İsrail Başbakanı Benjamin Netanyahu’nun, Gazze’de “kimsenin açlıktan ölmediği” yönündeki açıklamaları uluslararası medyada geniş yankı buldu. Bu açıklama, zamanla daha karmaşık bir hal alan Gazze'nin insani durumu üzerine devam eden tartışmalara yeni bir boyut kazandırdı. Ancak, Netanyahu’nun ifadeleri tarihsel veriler ve sahadan yapılan gözlemlerle çelişen bir gerçeği ortaya koyuyor. Gazze’deki insani krizin boyutu, uluslararası örgütler, insan hakları savunucuları ve yerel halk tarafından sıkça dile getirilmektedir. Peki, gerçekler neyi söylüyor?
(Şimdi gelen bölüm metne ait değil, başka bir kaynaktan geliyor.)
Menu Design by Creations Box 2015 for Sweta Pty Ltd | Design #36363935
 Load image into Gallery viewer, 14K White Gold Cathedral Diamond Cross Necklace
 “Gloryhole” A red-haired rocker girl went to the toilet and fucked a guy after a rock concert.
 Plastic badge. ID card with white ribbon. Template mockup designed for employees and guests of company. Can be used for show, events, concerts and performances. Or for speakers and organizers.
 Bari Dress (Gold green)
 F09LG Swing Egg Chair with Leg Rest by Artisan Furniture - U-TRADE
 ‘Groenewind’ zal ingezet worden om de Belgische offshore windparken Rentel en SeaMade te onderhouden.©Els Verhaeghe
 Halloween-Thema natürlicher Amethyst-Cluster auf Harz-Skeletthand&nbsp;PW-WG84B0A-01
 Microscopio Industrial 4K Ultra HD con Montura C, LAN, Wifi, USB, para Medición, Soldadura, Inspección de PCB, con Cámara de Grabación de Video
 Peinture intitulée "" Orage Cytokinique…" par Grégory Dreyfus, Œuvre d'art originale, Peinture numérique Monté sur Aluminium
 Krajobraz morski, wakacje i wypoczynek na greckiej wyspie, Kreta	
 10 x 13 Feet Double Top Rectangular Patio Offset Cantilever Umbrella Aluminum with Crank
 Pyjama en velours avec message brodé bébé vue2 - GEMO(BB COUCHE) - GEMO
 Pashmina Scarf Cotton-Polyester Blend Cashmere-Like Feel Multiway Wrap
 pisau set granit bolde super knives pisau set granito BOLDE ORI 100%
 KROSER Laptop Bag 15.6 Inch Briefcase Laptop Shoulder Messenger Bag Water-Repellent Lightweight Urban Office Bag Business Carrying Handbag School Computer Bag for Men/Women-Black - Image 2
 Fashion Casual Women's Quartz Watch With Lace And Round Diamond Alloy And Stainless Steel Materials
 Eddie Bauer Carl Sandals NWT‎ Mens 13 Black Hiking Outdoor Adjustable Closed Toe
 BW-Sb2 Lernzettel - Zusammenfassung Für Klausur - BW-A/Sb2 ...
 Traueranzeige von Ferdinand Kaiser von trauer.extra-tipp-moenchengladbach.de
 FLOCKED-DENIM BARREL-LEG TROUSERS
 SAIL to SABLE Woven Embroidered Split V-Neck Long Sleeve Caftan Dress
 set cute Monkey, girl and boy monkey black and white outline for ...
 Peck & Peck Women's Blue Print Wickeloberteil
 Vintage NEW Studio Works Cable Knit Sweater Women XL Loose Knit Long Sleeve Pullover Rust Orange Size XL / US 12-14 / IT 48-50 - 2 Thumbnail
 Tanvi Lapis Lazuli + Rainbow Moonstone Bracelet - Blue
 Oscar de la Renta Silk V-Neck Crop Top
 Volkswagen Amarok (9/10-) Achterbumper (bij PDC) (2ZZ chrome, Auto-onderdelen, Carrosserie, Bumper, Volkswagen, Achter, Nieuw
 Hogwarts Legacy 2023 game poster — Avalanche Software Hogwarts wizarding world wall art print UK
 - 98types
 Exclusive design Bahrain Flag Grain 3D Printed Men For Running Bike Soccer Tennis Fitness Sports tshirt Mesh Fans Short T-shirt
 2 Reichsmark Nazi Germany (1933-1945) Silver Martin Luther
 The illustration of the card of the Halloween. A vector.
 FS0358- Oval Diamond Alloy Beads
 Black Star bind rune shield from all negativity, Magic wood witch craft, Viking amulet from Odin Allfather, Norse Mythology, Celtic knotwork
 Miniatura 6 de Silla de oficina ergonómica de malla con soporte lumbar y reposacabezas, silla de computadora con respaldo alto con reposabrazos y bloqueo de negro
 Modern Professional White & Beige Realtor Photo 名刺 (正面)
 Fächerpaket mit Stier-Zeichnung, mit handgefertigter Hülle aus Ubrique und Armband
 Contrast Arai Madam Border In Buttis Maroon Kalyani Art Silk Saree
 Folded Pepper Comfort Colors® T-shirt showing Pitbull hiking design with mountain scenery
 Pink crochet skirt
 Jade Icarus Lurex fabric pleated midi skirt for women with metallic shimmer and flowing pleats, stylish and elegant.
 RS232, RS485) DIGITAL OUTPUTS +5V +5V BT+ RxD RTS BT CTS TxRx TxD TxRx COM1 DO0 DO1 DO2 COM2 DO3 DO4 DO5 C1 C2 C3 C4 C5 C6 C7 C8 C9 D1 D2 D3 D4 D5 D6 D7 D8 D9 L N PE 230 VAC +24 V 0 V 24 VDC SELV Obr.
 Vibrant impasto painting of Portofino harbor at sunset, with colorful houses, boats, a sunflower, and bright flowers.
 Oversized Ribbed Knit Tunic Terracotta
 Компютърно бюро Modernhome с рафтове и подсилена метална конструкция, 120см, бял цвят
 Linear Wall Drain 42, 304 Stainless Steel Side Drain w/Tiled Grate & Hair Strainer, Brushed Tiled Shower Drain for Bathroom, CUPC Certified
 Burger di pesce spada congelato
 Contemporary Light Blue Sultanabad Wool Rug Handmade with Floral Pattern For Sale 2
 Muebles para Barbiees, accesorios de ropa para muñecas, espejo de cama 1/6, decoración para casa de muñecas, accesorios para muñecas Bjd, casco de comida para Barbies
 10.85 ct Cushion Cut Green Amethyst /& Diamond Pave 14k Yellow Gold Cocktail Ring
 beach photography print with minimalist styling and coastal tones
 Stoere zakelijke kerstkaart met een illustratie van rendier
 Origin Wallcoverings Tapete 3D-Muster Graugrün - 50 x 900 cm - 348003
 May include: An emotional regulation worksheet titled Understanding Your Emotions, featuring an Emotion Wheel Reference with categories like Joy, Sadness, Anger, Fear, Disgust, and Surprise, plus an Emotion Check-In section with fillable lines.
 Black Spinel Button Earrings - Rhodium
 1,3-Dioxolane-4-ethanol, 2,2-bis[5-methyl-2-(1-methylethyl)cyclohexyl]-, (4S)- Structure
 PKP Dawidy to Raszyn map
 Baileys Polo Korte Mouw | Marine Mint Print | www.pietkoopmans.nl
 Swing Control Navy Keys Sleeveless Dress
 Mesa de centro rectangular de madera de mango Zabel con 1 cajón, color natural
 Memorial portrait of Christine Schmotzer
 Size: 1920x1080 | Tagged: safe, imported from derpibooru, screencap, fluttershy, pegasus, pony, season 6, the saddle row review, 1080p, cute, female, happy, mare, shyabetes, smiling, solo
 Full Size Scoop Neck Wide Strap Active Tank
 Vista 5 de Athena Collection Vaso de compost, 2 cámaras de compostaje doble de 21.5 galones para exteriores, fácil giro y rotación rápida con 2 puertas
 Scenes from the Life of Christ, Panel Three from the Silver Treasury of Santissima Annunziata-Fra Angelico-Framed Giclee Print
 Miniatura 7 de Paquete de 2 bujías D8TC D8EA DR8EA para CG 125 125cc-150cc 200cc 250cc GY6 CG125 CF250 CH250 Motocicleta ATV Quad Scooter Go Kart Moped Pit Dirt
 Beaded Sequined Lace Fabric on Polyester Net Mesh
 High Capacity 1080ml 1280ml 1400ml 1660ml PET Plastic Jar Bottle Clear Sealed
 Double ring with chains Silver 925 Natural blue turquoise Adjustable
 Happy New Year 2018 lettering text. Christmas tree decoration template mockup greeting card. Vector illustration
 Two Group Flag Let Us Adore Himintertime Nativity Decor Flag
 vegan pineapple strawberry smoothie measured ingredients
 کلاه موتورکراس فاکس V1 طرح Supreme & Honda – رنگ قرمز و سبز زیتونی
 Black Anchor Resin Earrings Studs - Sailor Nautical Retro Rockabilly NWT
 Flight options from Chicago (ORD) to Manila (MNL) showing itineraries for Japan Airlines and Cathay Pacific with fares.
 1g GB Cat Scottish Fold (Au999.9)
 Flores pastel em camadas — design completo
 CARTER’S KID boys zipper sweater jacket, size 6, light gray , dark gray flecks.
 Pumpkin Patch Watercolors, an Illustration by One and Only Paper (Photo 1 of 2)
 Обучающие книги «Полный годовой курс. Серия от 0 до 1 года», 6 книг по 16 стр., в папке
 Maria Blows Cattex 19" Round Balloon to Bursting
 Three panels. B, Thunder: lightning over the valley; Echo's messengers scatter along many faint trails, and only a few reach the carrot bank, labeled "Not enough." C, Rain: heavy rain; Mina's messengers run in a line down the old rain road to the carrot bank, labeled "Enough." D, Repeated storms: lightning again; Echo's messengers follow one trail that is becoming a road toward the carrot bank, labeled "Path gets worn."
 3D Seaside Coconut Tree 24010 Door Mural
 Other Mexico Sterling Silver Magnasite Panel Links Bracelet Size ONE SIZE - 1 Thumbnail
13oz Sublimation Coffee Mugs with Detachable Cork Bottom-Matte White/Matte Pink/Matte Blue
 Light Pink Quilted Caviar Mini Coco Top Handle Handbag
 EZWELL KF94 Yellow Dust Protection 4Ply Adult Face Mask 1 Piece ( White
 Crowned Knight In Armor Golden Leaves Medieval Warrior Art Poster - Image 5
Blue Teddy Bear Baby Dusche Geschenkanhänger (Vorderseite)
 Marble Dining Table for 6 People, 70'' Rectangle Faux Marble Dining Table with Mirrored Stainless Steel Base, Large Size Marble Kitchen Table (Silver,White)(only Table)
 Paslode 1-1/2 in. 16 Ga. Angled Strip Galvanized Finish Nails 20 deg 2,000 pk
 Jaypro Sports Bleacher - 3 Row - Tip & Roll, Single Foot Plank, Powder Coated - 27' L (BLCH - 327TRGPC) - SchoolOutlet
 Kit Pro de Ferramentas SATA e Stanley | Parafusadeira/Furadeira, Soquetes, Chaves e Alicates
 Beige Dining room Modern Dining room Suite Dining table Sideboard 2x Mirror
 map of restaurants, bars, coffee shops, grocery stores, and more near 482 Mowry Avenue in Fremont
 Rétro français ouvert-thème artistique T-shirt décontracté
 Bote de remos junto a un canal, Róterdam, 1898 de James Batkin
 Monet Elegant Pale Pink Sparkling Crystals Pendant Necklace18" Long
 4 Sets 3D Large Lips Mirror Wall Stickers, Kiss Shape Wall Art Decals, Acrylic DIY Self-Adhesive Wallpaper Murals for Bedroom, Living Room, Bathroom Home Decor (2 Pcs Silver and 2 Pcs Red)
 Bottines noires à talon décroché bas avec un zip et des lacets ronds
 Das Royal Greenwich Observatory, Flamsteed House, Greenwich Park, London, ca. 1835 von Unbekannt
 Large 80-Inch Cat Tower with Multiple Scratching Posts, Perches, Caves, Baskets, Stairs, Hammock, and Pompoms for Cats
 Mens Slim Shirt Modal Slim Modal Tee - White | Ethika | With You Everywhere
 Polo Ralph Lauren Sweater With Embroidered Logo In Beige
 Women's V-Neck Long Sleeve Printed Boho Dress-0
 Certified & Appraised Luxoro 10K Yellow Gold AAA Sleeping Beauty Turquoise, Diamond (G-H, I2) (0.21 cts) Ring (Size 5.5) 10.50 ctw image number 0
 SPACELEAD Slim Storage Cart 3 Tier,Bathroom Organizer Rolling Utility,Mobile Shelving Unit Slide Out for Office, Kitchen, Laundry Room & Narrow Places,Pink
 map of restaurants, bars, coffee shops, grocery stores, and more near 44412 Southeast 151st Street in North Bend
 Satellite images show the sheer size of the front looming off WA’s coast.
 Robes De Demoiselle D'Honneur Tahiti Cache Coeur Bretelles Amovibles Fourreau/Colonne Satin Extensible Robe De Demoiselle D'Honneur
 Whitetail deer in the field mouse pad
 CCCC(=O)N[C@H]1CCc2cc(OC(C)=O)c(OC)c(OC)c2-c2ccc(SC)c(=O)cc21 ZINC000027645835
Gazze, uzun süredir süregelen çatışmalar, ekonomik ambargolar ve iç mücadelenin yarattığı insani krizle boğuşmakta. Birleşmiş Milletler (BM) verilerine göre, bölgedeki nüfusun yarısından fazlası gıda güvencesinden yoksundur ve bu durum çocukları en kötü şekilde etkilemektedir. 2023 itibarıyla, Gazze'de 2 milyon insanın temel gıda maddelerine erişiminin sınırlı olduğu tahmin edilmektedir. Yerel sağlık kuruluşlarının raporları, malnütrisyonun çocuklar arasında yaygın hale geldiğini göstermektedir. Özellikle sağlık hizmetlerine erişim, ambargolar ve kısıtlamalar nedeniyle büyük ölçüde kısıtlanmış durumda.
Bunun yanı sıra, enerji kaynaklarının yetersizliği ve su krizleri de yaşam koşullarını önemli ölçüde etkiliyor. Gazze’de, elektrik kesintileri sık yaşanırken, temiz içme suyu temininde de ciddi sorunlar bulunmaktadır. BM, bu koşullar altında yaşamaya çalışan insanların acil yardıma ihtiyaç duyduğunu vurguladı. Netanyahunun açıklamaları, bu karamsar tablo ile çelişiyor gibi görünüyor ve pek çok uzman, verileri inceleyerek bu durumun gerçeği yansıtmadığını ifade ediyor.
Yerel insan hakları örgütleri ve Gazze’de yaşayan bireylerin tanıklıkları, Netanyahu’nun açıklamalarını sorgulatacak nitelikte. Gazze’de yaşayan birçok kişi, açlıktan ve yetersiz beslenmeden kaynaklanan sağlık sorunlarıyla boğuşuyor. Yerel bir aile babası, “Çocuklarımın yeterli gıda madde almadığını biliyorum. Onların sağlığı için endişeleniyorum, ama ne yapabilirim?” diyerek durumun acılı gerçekliği hakkında çarpıcı bir örnek veriyor. Çocuklar arasında malnütrisyon oranları, gözlemlenen en büyük sorunlardan biri olarak kaydediliyor.
Gazze’deki insan hakları araştırmacıları, Netanyahu’nun iddialarının gerçek dışı olduğunu ve yaşam koşullarının her geçen gün daha da kötüleştiğini savunuyor. Öznur adında bir aktivist, “Buradaki insanlar her gün hayatta kalma mücadelesi veriyor. Açlık ve yetersiz beslenme, sadece bir istatistik değil, gerçek bir tehdit” diyerek durumu net bir şekilde ortaya koyuyor. Bu tür ifadeler, bölgedeki insani krizin derinliği hakkında daha fazla farkındalık sağlıyor.
Sonuç olarak, Netanyahu’nun Gazze’de kimsenin açlıktan ölmediği yönündeki iddiaları, hem uluslararası kamuoyunda hem de yerel halk arasında büyük bir tartışmaya yol açtı. Rakamlar ve tanıklıklar, gerçeği gözler önüne sererken, bu konuda uluslararası etkili bir çözüm bulmanın aciliyeti de giderek artıyor. Dünya genelindeki insan hakları savunucuları ve uluslararası kuruluşlar, Gazze’deki insani durumun iyileştirilmesi için daha fazla destek ve ilgi gösterilmesi gerektiğini vurguluyor.
Sonuç olarak, Netanyahu’nun iddiaları, Gazze’deki derin insani krizi inkâr etme çabası olarak değerlendirilebilirken, gerçeklerden bağımsız kalması ve göz ardı etmesi önemli bir sorun olarak karşımıza çıkıyor. Gazze’deki halkın sesi duyulmalı, insani yardım ve destek mekanizmaları güçlendirilmelidir. Her insanın temel haklara erişim hakkı olduğu bilinciyle, Gazze’deki ölçüsü her geçen gün kanıtlanan bu insani kriz, mutlaka uluslararası gündemde yer bulmalıdır.